If you follow the wellness world closely you’ll know that last year was a big year for good old oil.
No, not face oils, which also had a huge year in the spotlight – we’re talking about the regular household oil you cook your potatoes and pancakes with.
Health influencers touted the wildly controversial health benefits of coconut oil which then sparked a wider debate about which oils we should all be cooking.
There was a big song and dance about certain oils turning carcinogenic (having the potential to cause cancer) when they are heated, especially to the point of smoking (which is known as the ‘smoke point’) and everyone reeeeally freaked out.
Nutritionist Fiona Tuck, Author of The Forensic Nutritionist, noted this general worry when clients started telling her that they had stopped cooking with olive oil because it turns carcinogenic.
The fact is there’s a complex science behind which oils remain okay, and which turn ‘bad’, when cooking.
So much so that the Journal of Food Chemistry and Nutrition published a study on the very topic. The findings from the study are in line with Tuck’s advice to her clients.

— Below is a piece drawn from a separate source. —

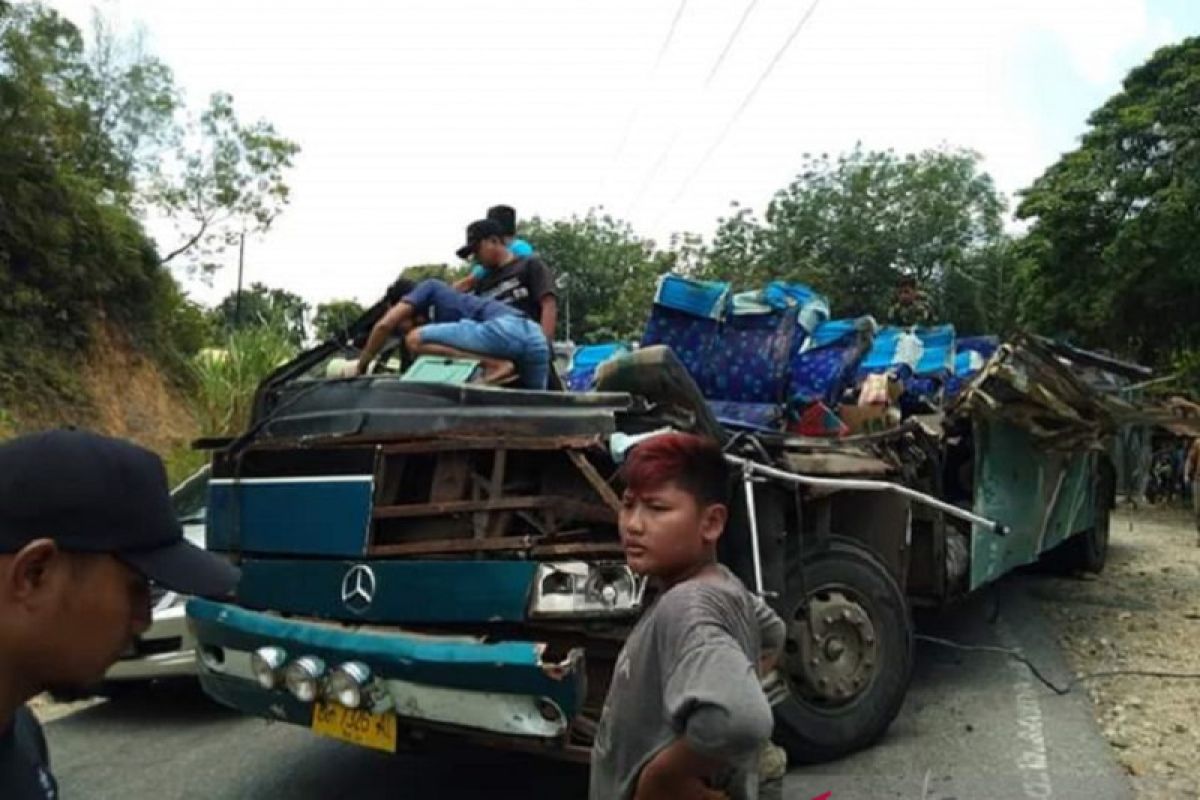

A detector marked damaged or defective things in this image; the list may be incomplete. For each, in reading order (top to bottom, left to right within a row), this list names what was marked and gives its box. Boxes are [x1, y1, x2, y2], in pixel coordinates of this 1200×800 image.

wrecked bus [187, 273, 1123, 762]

“In my opinion, extra virgin olive oil (EVOO) should be the go-to option when it comes to home cooking. It is the healthiest oil we can eat due to its rich antioxidant and anti-inflammatory properties.”
“Whilst EVOO has a lower smoke point than some other vegetable oils, the high antioxidant content protects the oil from breaking down, thereby making it a safe oil to use during cooking,” Tuck told Mamamia.